Problem - The output should contain the listing word for word and no pictures.

Provided data -
· · ·

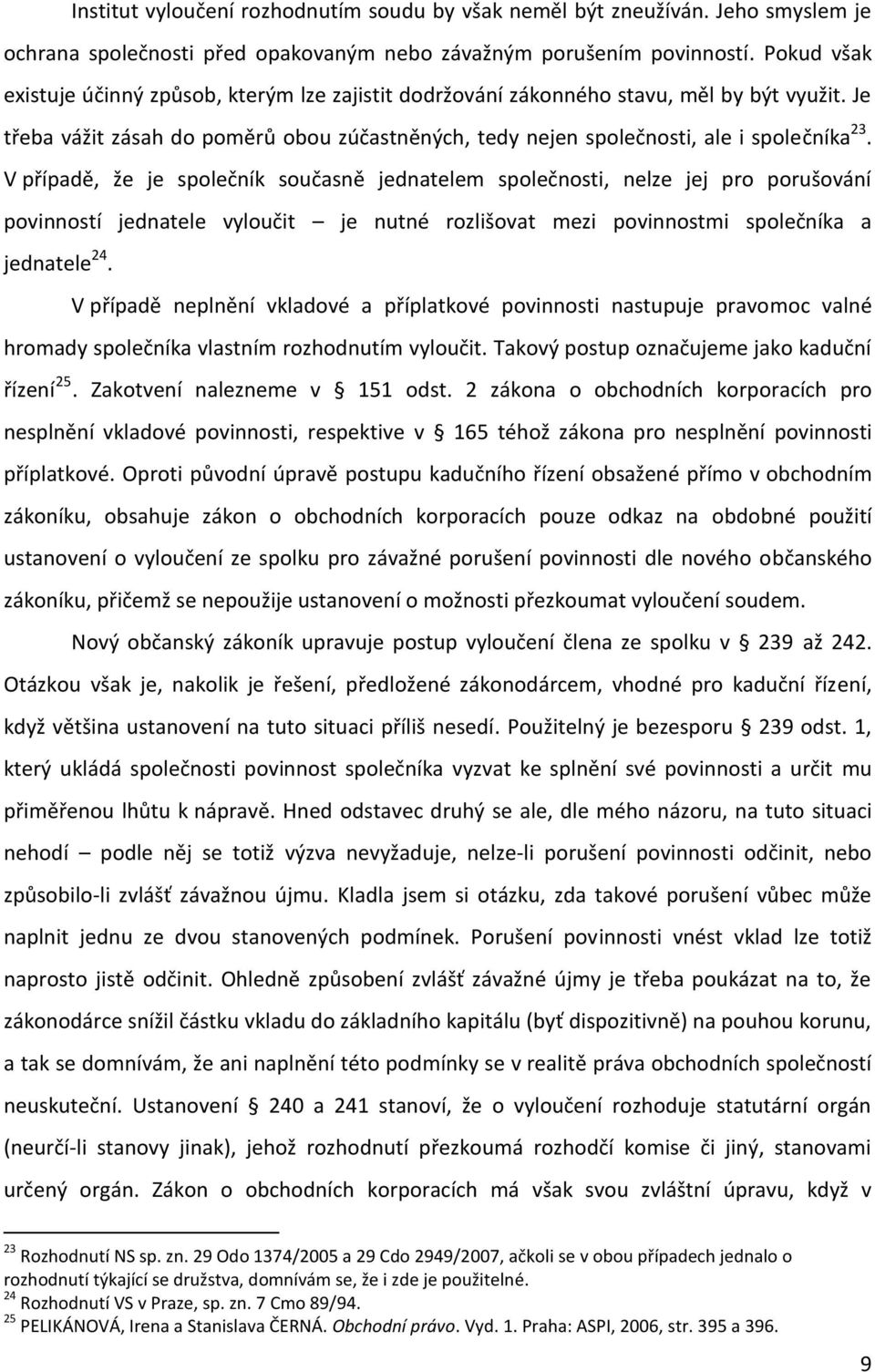 V případě, že je společník současně jednatelem společnosti, nelze jej pro porušování povinností jednatele vyloučit je nutné rozlišovat mezi povinnostmi společníka a jednatele 24.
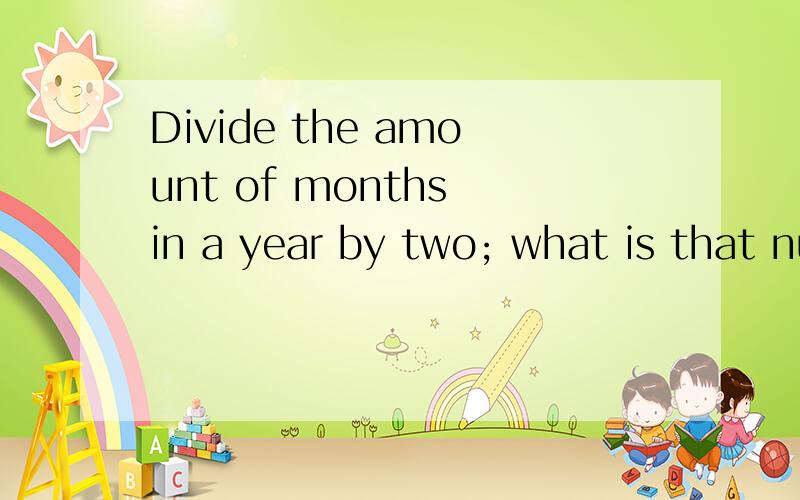 Divide the amount of months in a year by two; what is that number?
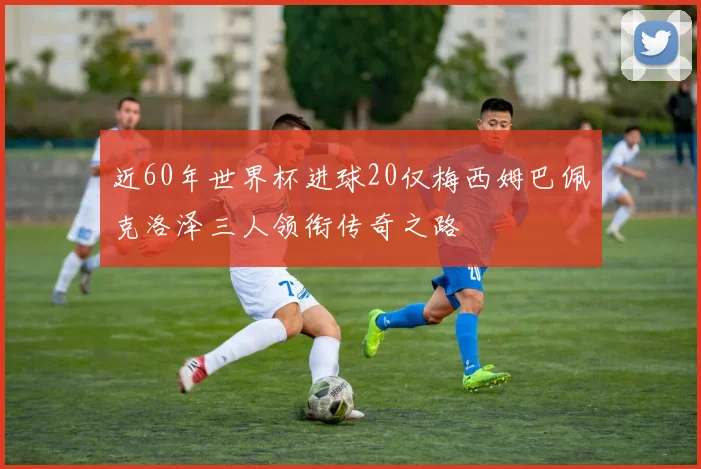 近60年世界杯进球20仅梅西姆巴佩克洛泽三人领衔传奇之路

· · ·

Problem solution -
 V případě, že je společník současně jednatelem společnosti, nelze jej pro porušování povinností jednatele vyloučit je nutné rozlišovat mezi povinnostmi společníka a jednatele 24.
 Divide the amount of months in a year by two; what is that number?
 近60年世界杯进球20仅梅西姆巴佩克洛泽三人领衔传奇之路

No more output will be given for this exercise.